37. On 12 January 2000 The Guardian published extracts from an alleged account of a meeting of officials on 8 December 1999 to discuss arms sales to Pakistan. The minutes — which Ministers have refused to place in the Library [61] — are alleged to record that there was in effect a moratorium on processing arms export applications until the situation became clearer, and that the EU showed "no signs" of wanting to contemplate an arms embargo. It also referred to dissent on what was described as "the Whitehall consensus in favour of processing outstanding export licence applications to Pakistan."[62] In response to our request for a note on this, the FCO told us on 18 January 2000 that —

    "There has been no change to our policy of considering export licence applications for Pakistan on a case-by-case basis against our national criteria and those in the EU Code of Conduct for Arms Exports, and in the light of the statement made to the House by the Foreign Secretary following the Pakistani and Indian nuclear tests. Applications for export licences can take some time to process, especially if the situation in the country concerned is fluid. The coup in Pakistan on 12 October created many uncertainties, and, in the circumstances, it is right for the Government to take the time necessary to assess the new regime's behaviour and intentions before deciding on outstanding export licence applications."[63]
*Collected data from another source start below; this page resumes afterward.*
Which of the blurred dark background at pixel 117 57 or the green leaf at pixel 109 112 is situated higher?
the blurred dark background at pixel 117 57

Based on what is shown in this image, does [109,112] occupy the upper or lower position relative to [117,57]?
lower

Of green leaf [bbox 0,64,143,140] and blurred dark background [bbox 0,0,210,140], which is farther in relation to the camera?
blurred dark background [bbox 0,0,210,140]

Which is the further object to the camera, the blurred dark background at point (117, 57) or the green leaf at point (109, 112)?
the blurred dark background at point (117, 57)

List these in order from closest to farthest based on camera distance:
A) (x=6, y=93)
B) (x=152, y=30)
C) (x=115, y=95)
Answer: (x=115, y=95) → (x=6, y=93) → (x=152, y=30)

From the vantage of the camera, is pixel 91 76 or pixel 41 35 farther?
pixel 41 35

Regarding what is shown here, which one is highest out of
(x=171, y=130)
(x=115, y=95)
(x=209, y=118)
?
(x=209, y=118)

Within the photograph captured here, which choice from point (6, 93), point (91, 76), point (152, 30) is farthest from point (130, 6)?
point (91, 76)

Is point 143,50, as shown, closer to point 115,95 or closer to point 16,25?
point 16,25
In a debate on Pakistan in the House of Lords on 19 January 2000, the Parliamentary Under-Secretary of State repeated this statement and added "Obviously some considerations will apply more acutely to some than others".[64] No licences have in fact been issued since 12 October 1999; 2 have been refused. 76 applications for SIELs and 29 applications for OIELs to Pakistan were awaiting decision as of 14 January 2000; 41 of the SIEL applications and all the OIEL applications were made before 12 October 1999.[65]
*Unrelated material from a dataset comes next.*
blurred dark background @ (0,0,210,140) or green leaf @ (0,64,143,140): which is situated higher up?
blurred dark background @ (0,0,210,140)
38. We do not doubt that it was right to have taken time since October 1999 to have assessed the behaviour and intentions of the new regime before deciding on outstanding export licence applications. Indeed, the Government would have been open to justifiable criticism if it had not taken such time. We hope that it will not come to any hasty decisions on licences. The episode does however expose the difficulties in seeking to conduct a national policy in the absence of a formal embargo. In the absence of a discernible EU position on arms exports to Pakistan,[66] and while the UK neither denies or grants licences for Pakistan, the EU Code of Conduct machinery for consultation does not come into operation. Our EU partners may unwittingly "undercut" UK exporters whose licence applications are held up in an undeclared informal moratorium. We urge the Government to initiate discussions with our EU partners to establish a common position on defence and defence-related exports to Pakistan, so that there can be no question of advantage being taken by other member states of the suitably cautious approach being taken by the UK.

Zimbabwe

  39. On 20 January 2000 a story appeared in the press suggesting that it had been decided to license the export of spares for Hawk aircraft operated by the Zimbabwe Air Force. While there has been no formal embargo in force, it would seem that there has been an informal suspension of such licences since the involvement of Zimbabwe's armed forces in the civil war in the Democratic Republic of Congo, and allegations of aerial attacks on civilians. On the same day, the Foreign Secretary, who was at the time in Cairo, answered questions on the subject at a press conference. He referred to a "commitment to provide spare parts" through the life of the aircraft, and continued —

On 24 January 2000 we sought a note from the FCO on this matter, and details of several licences for Zimbabwe granted in 1998. The Minister of State at the Foreign Office was quoted as saying in Pretoria on 31 January 2000 that new rules would soon be applied to weapons exports to countries fighting in the Congo and that "each application will be judged very, very strictly against these very, very tight criteria".[67]

Pakistan and Zimbabwe

  40. In the three months since our oral evidence session with the Foreign Secretary in November 1999, serious questions have arisen in respect of the application of strategic export controls over defence equipment destined for Pakistan and Zimbabwe, raising wider issues of public policy. In neither case have we had the opportunity of raising these issues with Ministers. We have therefore invited the Foreign Secretary to appear before us to give evidence on these issues.

Other destinations

  41. We sought notes from the Government on the operation in 1997 of the licensing system in respect of a few selected countries, as a means of exploring how general policy considerations feed into specific decisions.[68]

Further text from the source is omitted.